### DATA SHOWN

━━━━━━━━━━━━━━━━━━━━

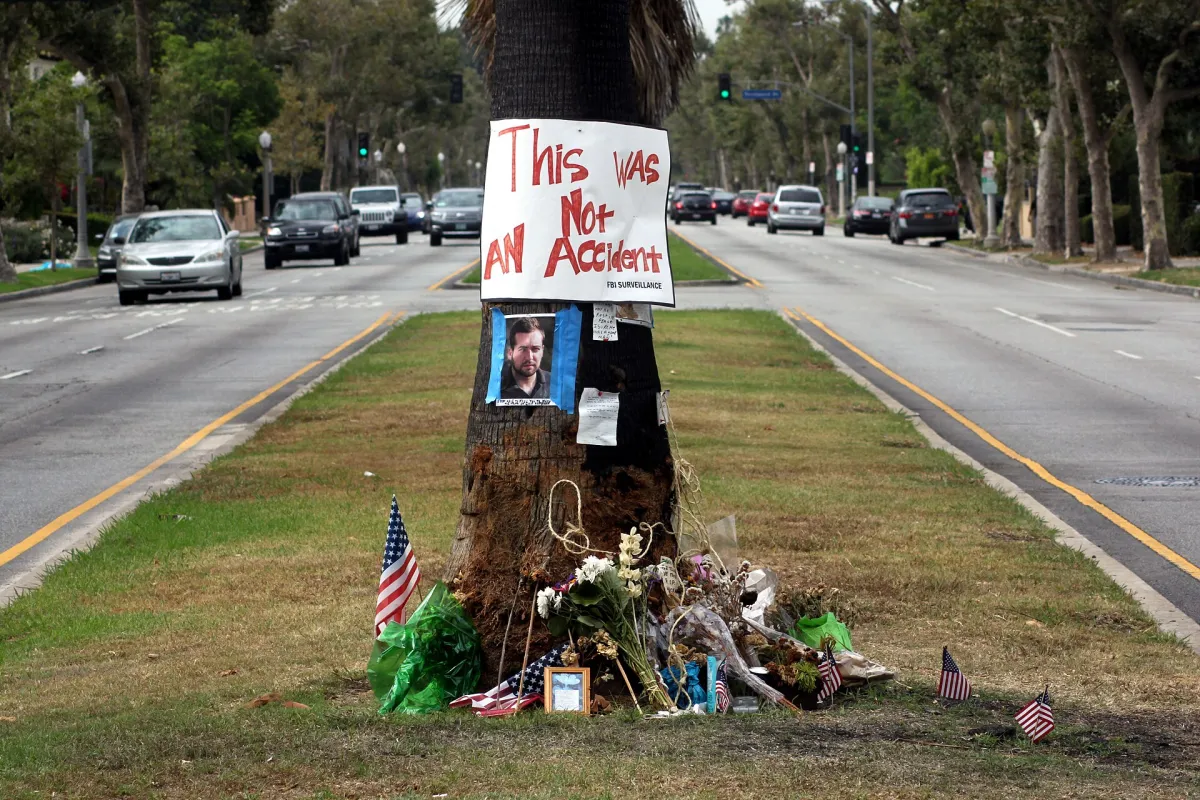 A palm tree on a road median in Los Angeles with flowers, small American flags and a photograph at its base, and a hand-lettered sign reading "This Was Not An Accident" fixed to the trunk.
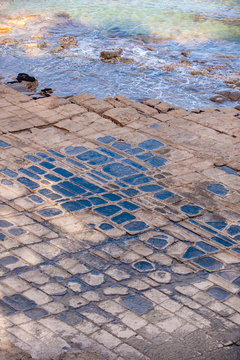 Waves lap up against tessellated pavement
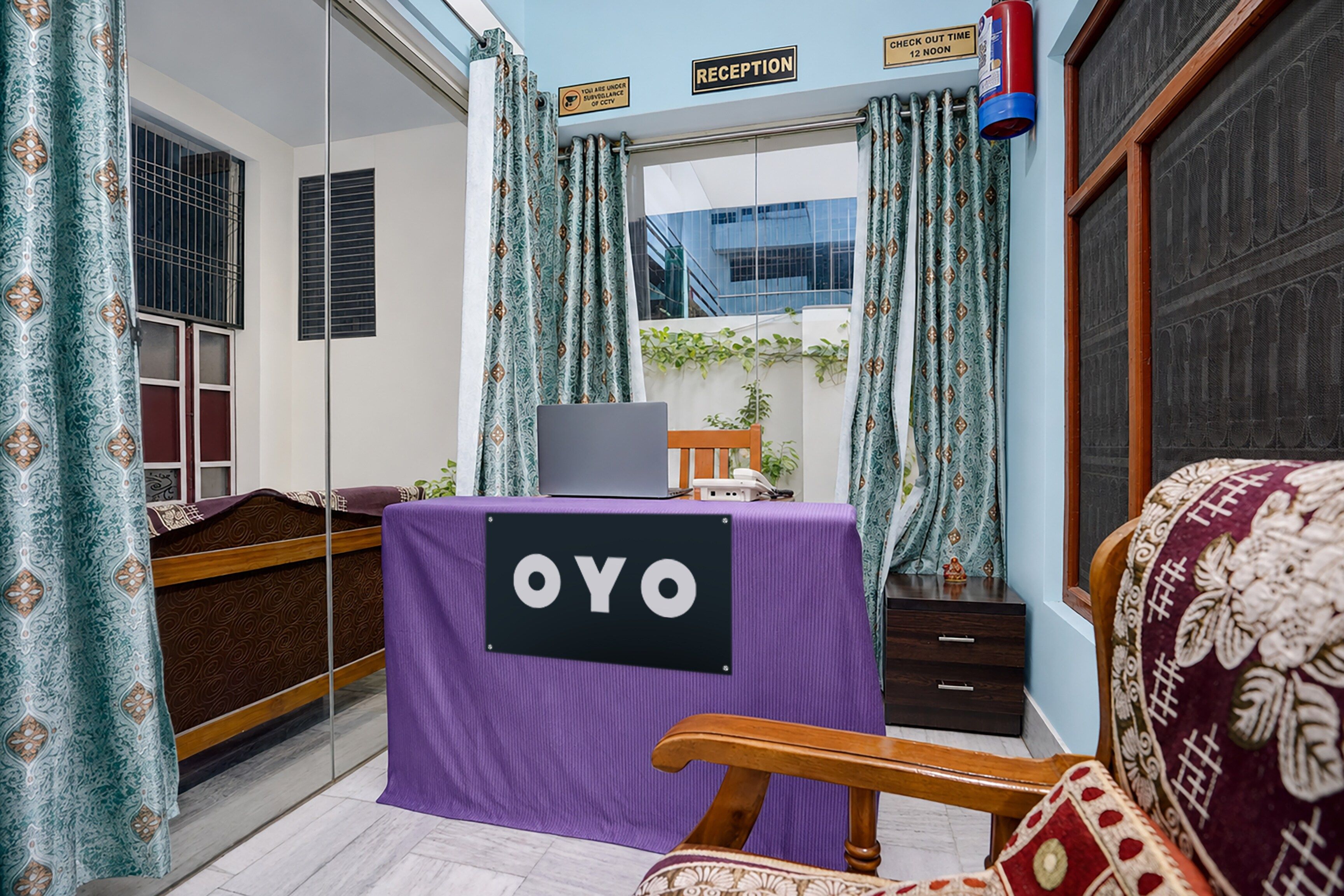 Una camera d'albergo con reception, un letto, una sedia e vista sull'esterno.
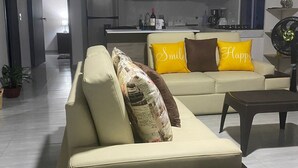 Una sala de estar moderna con un conjunto de sofás, una mesa de centro y una cocina al fondo.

━━━━━━━━━━━━━━━━━━━━

### TASK REQUIREMENTS
Could you give the listing again exactly as it stands, minus any pictures?

### ANSWER SPACE
 A palm tree on a road median in Los Angeles with flowers, small American flags and a photograph at its base, and a hand-lettered sign reading "This Was Not An Accident" fixed to the trunk.
 Waves lap up against tessellated pavement
 Una camera d'albergo con reception, un letto, una sedia e vista sull'esterno.
 Una sala de estar moderna con un conjunto de sofás, una mesa de centro y una cocina al fondo.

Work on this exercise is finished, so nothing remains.